Influence of air-jet stability on the flow-control effectiveness of air-jet vortex generators

Shock-wave / turbulent boundary layer interaction are complex flow-fields, commonly encountered in many air and space transportation applications. A common flow control technique to alleviate its adverse effects and to mitigate separation is the application of air-jet vortex generators (AJVGs). AJVGs induce a system of streamwise vortices downstream of jet injection and enhance the distribution of momentum in the boundary layer. Consequently, the boundary layer is more resistant to separation and the shock-induced separation region decreases. However, the nature of the jet-in-crossflow interaction and the jet-induced vortical structures can be affected by the stability of the injected jet, which can have a direct impact on flow-control effectiveness; even under similar cross-flow and jet stagnation conditions. With a combined experimental-numerical effort, we study the influence of the stability of the flow in the jet-injection pipe: we compare a stable and fully developed injection-pipe flow with a partially-developed case and discuss their influence on flow-control effectiveness for an array of air-jet vortex generators on a fully-separated 24^o compression ramp-interaction.

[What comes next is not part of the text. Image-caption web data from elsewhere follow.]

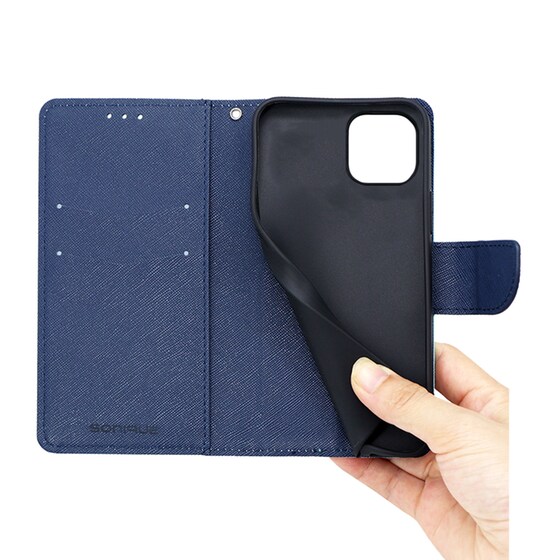 Θήκη Apple iPhone 14 - Sonique Trend Book -  Γαλάζιο/Σκούρο Μπλε image 3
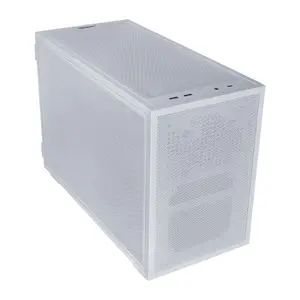 Lian Li B4-mATX Mesh Mini Tower White PC Case supporting Micro-ATX and Mini-ITX motherboards with SFX and ATX power supplies
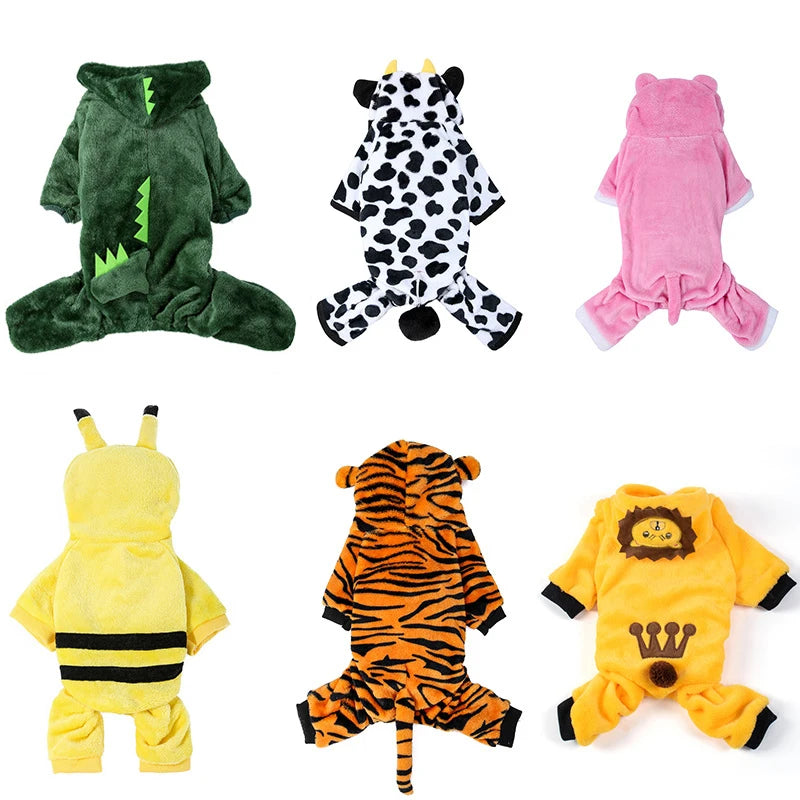 Dog Clothes; Soft Warm Fleece Dogs Jumpsuits. Clothing for Small Dogs.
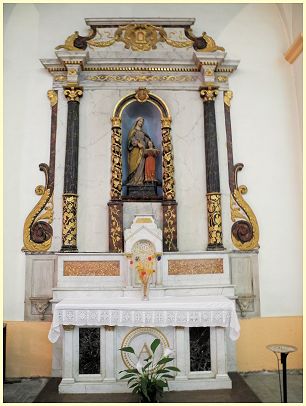 Altaraufsatz (Retable) Maria mit dem Kind Kirche Coeur de Marie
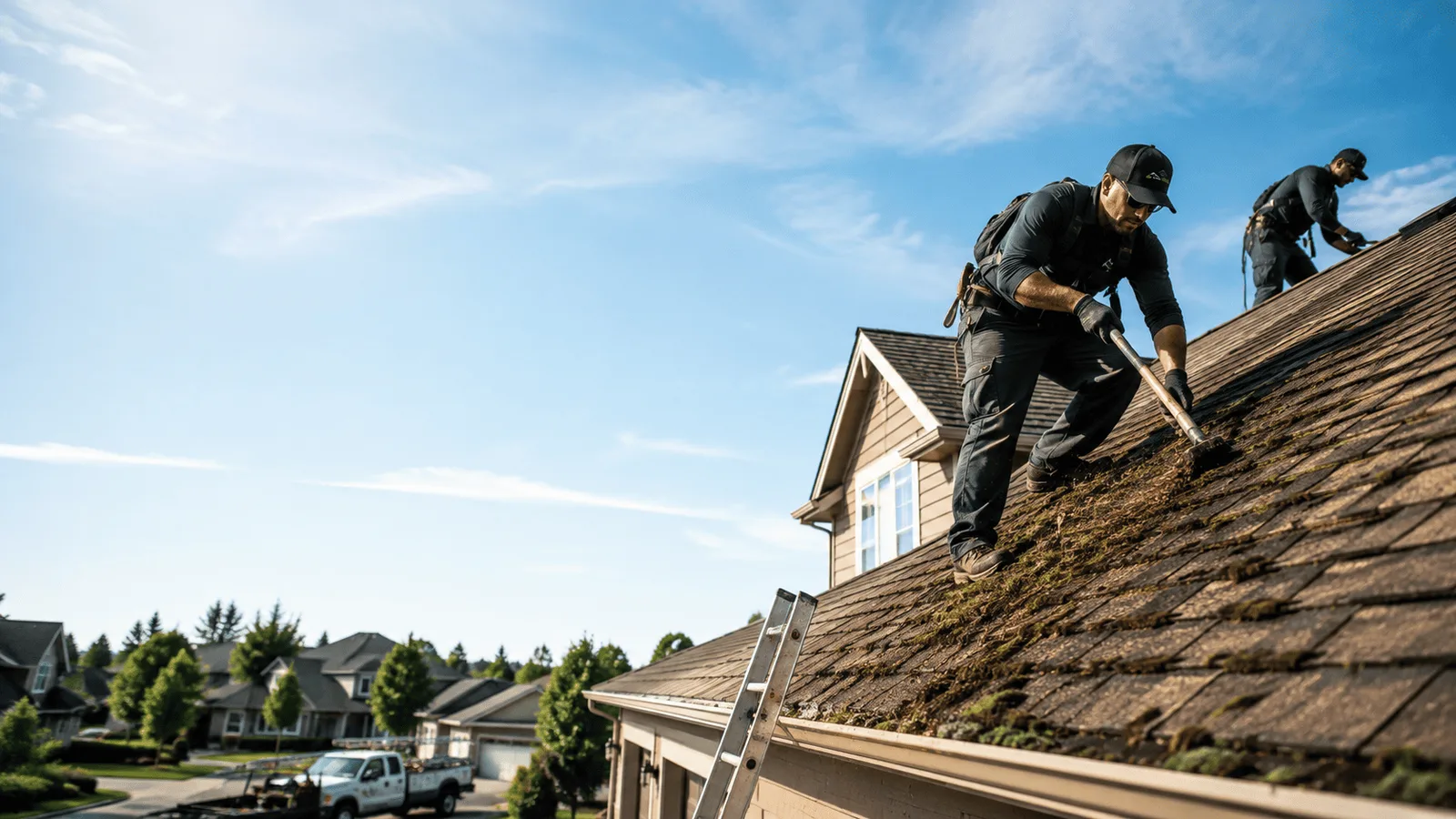 Roof Moss Removal in Texarkana, TX near me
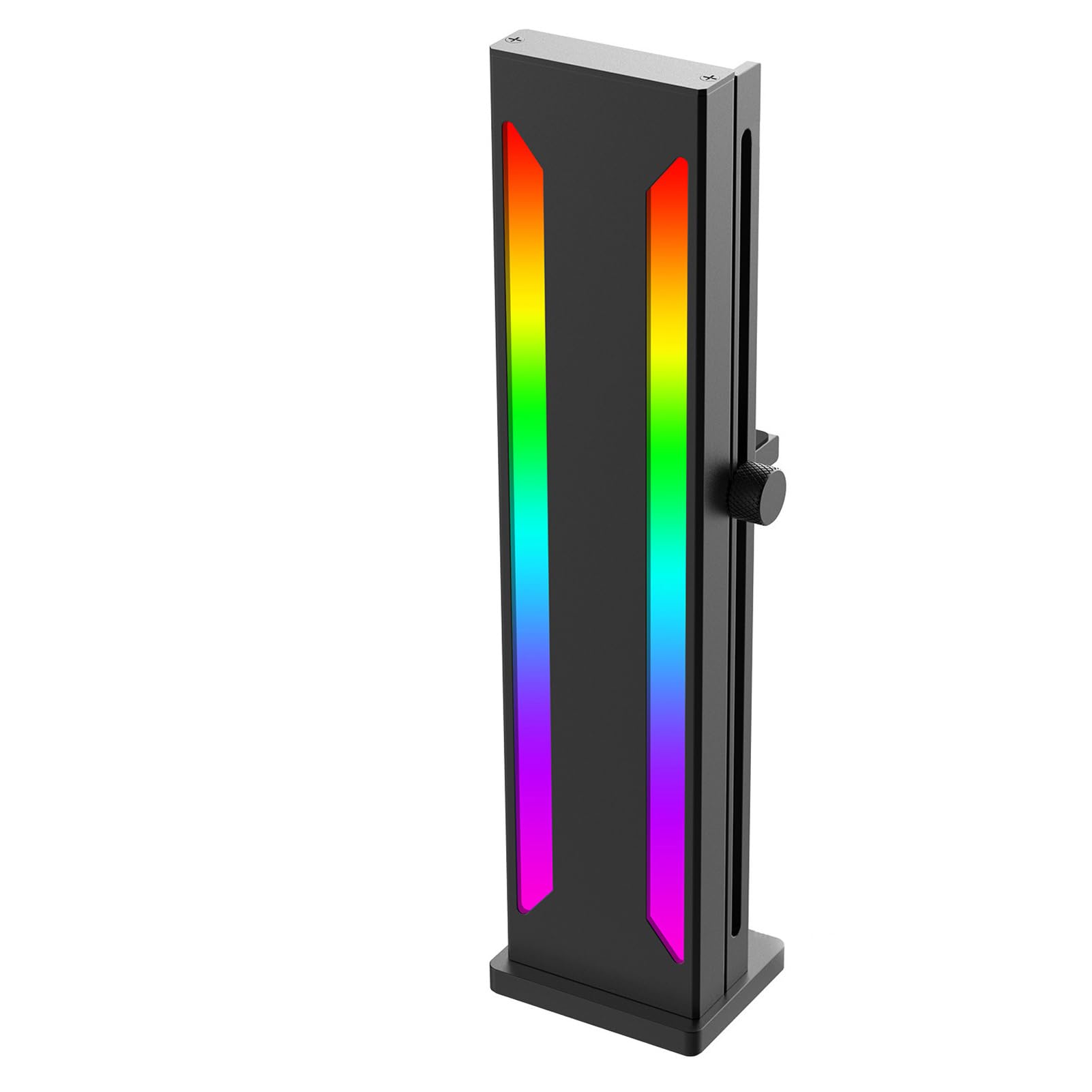 ciciglow ARGB GPU Support Bracket, 5V 3PIN ARGB Graphics Card GPU Brace Support Magnetic Base Sliding Adjustable GPU Holder (Black)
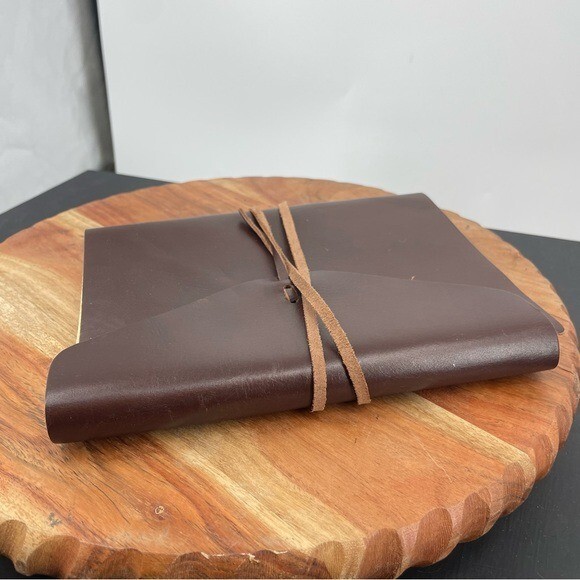 Barnes & Noble Bombay Large Leather Journal w/Tie 6x 8.5 inches eBay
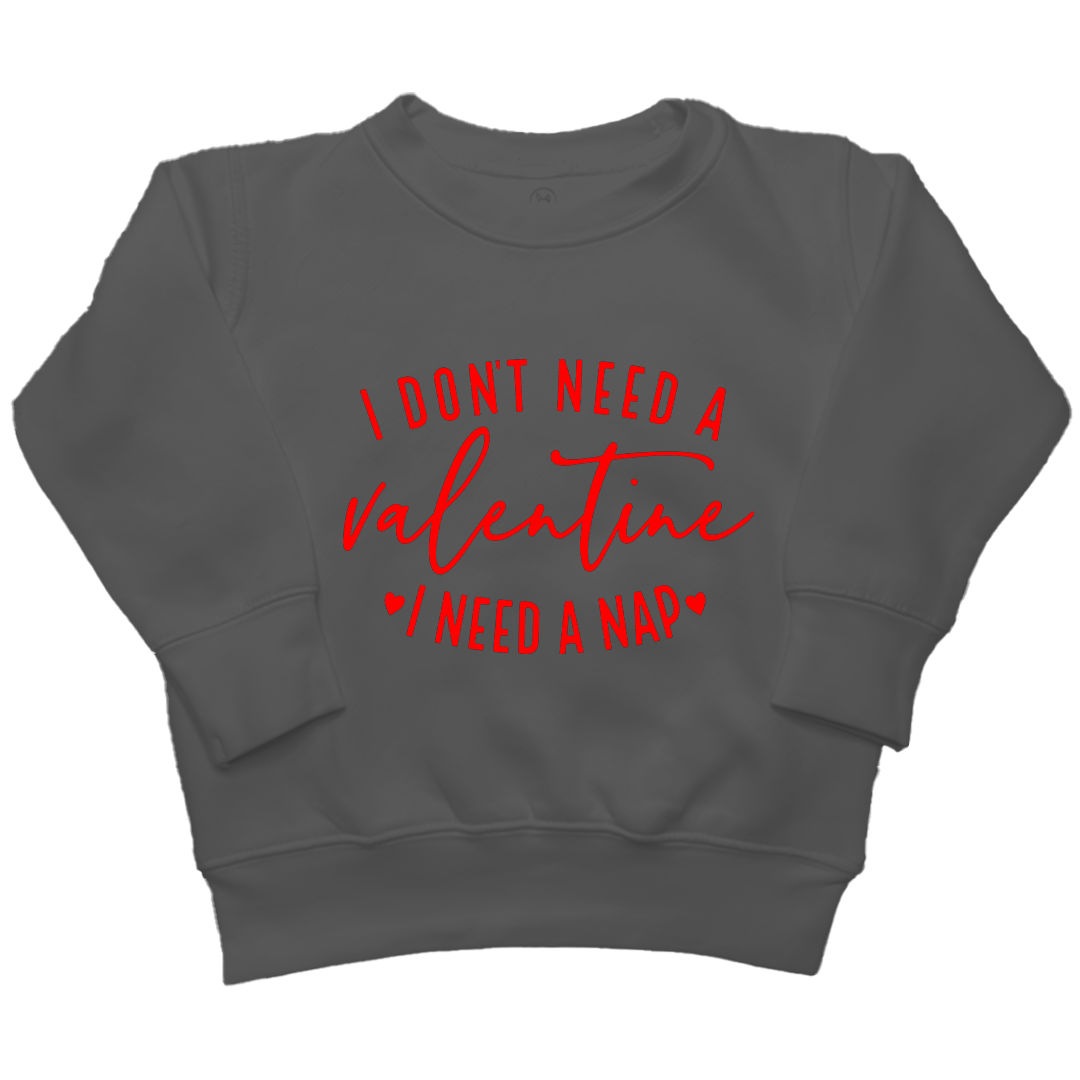 I Need A Nap Kids Crew Neck Sweatshirt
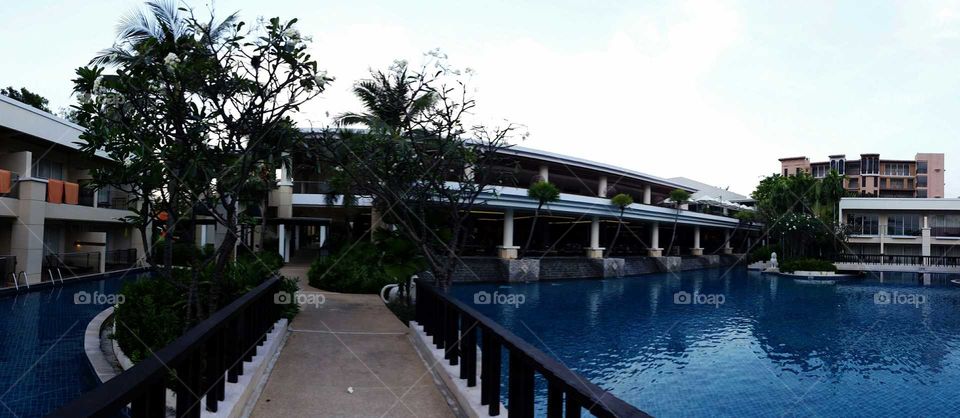 Perspective and elevation of the Hotel in Pattaya Chonburi, Thailand. Great service and nice place you will impress.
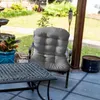 Patio d'oreiller chaises à bascule Soft plus épaisses antidérapantes en lin à la maison Sponge multicolore pour le jardin extérieur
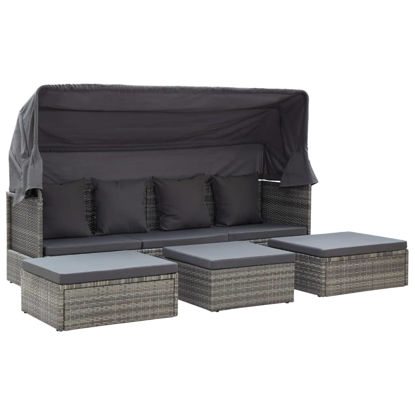 Picture of Outdoor Lounge Bed 78" - Gray
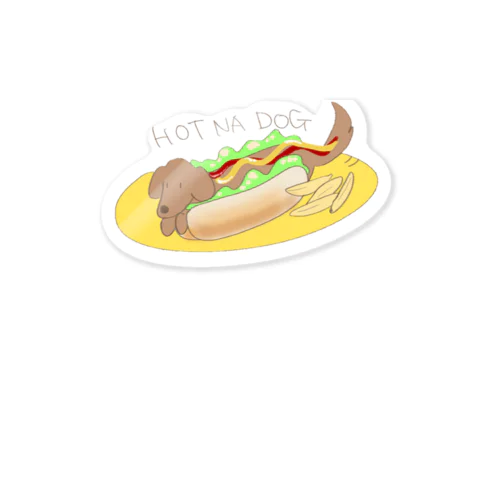 HOT NA DOG Sticker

LESs of single spanwise-inclined jets in to a supersonic cross-flow were performed for two injection-pipe lengths – (1) shorter pipe with a jet-development length of 4.24 d_jet and a longer pipe with a length of 18.3 d_jet, to assess the influence of jet-stability on the jet-induced vortical structures. To quantify the effects of a jet-array on shock-induced separation, experiments were conducted on a 24^o compression-ramp model under similar jet and cross-flow conditions. Oil-flow visualisations and PIV at multiple planes were utilized to quantify the separation behavior and turbulent statistics under the two different jet-stability conditions.